Planning for Fair, Plural, and Welcoming Cities
Chairs: Stefano Cozzolino, Christine Lélevrier, Dalila Sicomo
There is a growing awareness of the significance of diversity and the tensions it may generate in societies, with major cities leading the way in facing this challenge. Inclusivity is now a fundamental principle in urban planning theories and practices, marked by a renewed commitment to advocating for cities that are fair, multicultural, welcoming, and open to all. Among other topics, issues such as migration, multiculturalism, minority groups, gender, religion, identities, accessibility, and the quality of essential services and spaces, as well as urban inequalities, urban poverty, and the emergence of diverse lifestyles (or the possibility of embracing new ones), are all central to the contemporary discourse. How can planners deal with these challenges? What kind of planning frameworks and approaches can better support inclusivity?

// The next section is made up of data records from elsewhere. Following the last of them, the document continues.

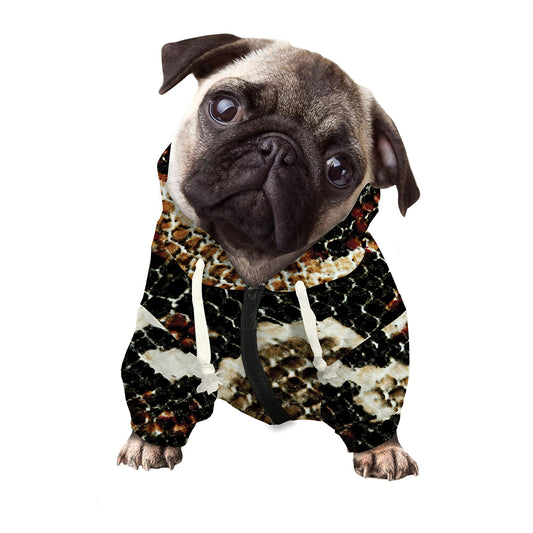 Brown And Black Snakeskin Print Dog Zip Up Hoodie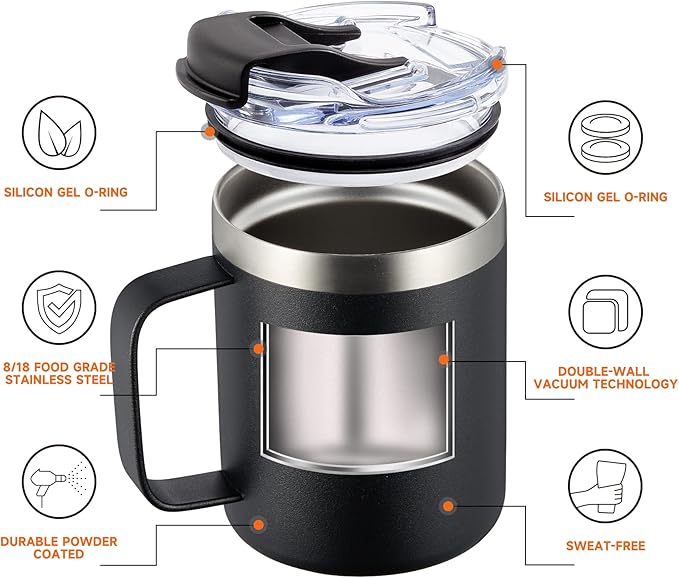 ALOUFEA 12oz Insulated Coffee Mug Cup with Handle, Stainless Steel Travel Coffee Mug with Flip Lid, Double Wall Vacuum Coffee Tumbler,Nut Brown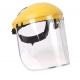 Safety Face Shield Helmet Transparent Mask All-Purpose Face Shield Clear PVC Visor Ratchet Suspension Yellow Headgear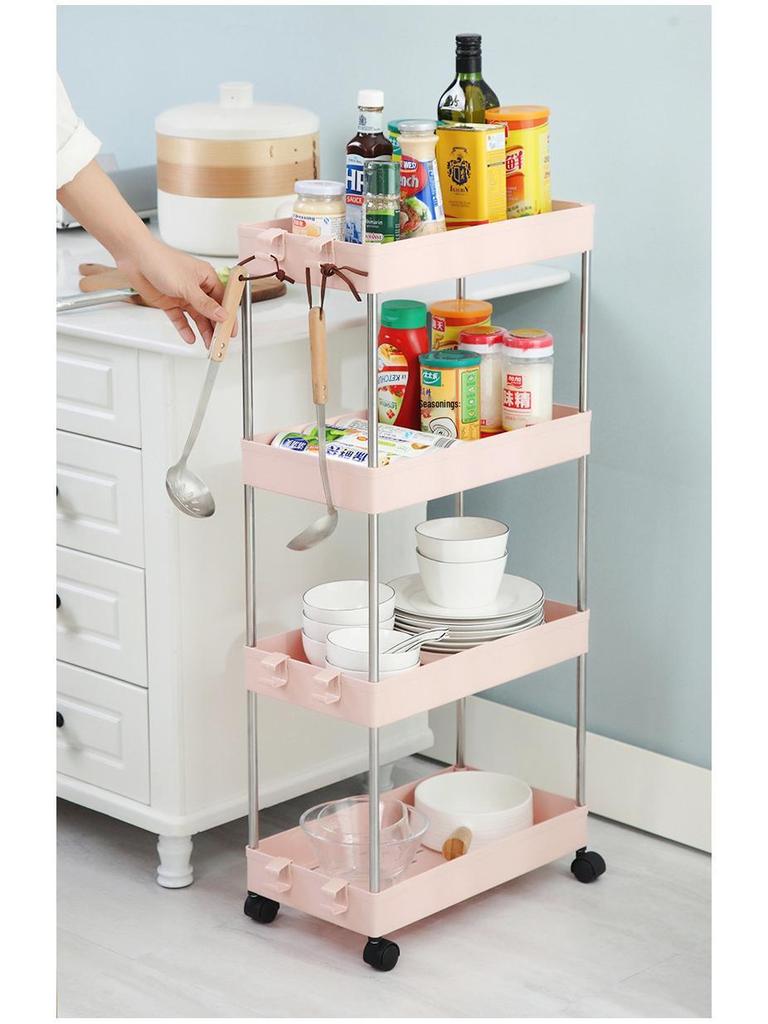 Многоярусная напольная тележка-полка для хранения для ванной и кухни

This track aims to thoroughly explore the multifaceted concept of inclusion in urban planning, with a particular focus on the idea of the open city—a city capable of embracing diversity, multiculturalism, experimentation, and fairness while acknowledging the diverse challenges planners must address in upholding these values. It is designed to encompass a wide range of contributions, including theoretical reflections, ethical perspectives, urban policies, urban design strategies, discussions on regulation and the law, interesting case studies, analyses from the field, best practices, and other pertinent urban planning viewpoints that can enhance the contemporary discourse. Therefore, the track welcomes diverse contributions, encompassing the formulation of policies and planning interventions, examinations of current socio-spatial dynamics, and broader reflections on the issue at hand.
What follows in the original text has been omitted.